Aber mal eine ernst gemeinte Frage:

Wenn für dich FAZ, Spiegel, ZEIT (und dann sowieso auch Stern etc.) "Hirnficks" sind - was kann man dem interessierten Leser dann überhaupt noch empfehlen? Wohl kaum "BILD dir deine Meinung", auch wenn der SATZ (!) es wohl ganz gut trifft ;o)

Leider bin zumindest ich häufig abhängig von Information, die ich selbst nicht beschaffen und folglich nicht selbst bewerten kann. Ich muss folglich zumindest auf den Wahrheitsgehalt der Infos aus FAZ etc. pp. vertrauen. Und ganz ehrlich, das tue ich eher bei einem "etablierten Medium" als bei Blogs, die lese ich, wenn ich Meinungen will.
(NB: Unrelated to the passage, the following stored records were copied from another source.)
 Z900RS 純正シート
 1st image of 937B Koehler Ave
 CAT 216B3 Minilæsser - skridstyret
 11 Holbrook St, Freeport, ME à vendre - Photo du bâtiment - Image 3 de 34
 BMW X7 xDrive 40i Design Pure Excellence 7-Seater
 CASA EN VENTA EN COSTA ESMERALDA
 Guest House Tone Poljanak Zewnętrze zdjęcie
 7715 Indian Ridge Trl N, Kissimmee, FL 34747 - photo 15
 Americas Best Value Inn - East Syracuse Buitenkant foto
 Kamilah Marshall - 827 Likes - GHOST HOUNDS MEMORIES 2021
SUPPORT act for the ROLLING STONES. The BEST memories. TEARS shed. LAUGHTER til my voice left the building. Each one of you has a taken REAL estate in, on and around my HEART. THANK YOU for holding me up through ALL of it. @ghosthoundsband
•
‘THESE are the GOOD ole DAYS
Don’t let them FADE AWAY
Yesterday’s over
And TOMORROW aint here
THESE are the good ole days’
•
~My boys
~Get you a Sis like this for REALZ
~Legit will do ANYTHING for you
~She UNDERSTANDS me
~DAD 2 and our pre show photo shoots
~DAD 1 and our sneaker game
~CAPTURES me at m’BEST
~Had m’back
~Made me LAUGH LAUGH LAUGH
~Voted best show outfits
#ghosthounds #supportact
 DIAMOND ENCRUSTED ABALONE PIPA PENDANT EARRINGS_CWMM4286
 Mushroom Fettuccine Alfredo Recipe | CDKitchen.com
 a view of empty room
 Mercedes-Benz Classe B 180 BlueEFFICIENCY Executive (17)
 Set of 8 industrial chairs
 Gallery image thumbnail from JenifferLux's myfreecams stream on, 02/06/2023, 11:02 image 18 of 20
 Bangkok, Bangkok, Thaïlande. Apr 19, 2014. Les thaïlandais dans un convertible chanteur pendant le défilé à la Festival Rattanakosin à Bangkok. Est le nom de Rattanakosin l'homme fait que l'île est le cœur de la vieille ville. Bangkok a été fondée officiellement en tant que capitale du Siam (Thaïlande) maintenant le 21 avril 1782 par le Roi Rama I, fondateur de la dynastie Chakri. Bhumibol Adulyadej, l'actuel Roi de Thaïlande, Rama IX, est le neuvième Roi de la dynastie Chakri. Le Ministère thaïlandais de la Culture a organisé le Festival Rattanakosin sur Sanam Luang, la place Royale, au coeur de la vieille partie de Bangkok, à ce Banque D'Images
Und mal wieder zu deinen Lieblingsgebashten "Nachwuchshirnfickern": die tun nichts anderes, als dafür zu sorgen, dass sie genommen werden. Aus deiner Sicht, die von materiellen Sorgen IMO weitestgehend befreit ist, greift deine Kritik manchmal ein wenig zu kurz. Du scheinst einen persönlichen Hass auf bestimmte Institutionen zu haben und überträgst das auf Menschen, die mal Teil davon werden könnten/wollen. Ich kann das nachvollziehen, geht mir manchmal auch so.

Aber ich denke, dass man gerade bei deinem Feindbild ein Bewusstsein für das Berufsethos, oder wie immer du es nennen magst, wecken sollte. Deine Tiraden finden sicher den Beifall deiner Gefolgschaft, aber die Leute, die die Botschaft am dringendsten nötig hätten, wenden sich wohl eher ab, oder?

Ich meine, nicht dass deine Texte nicht unterhaltsam wären... :o)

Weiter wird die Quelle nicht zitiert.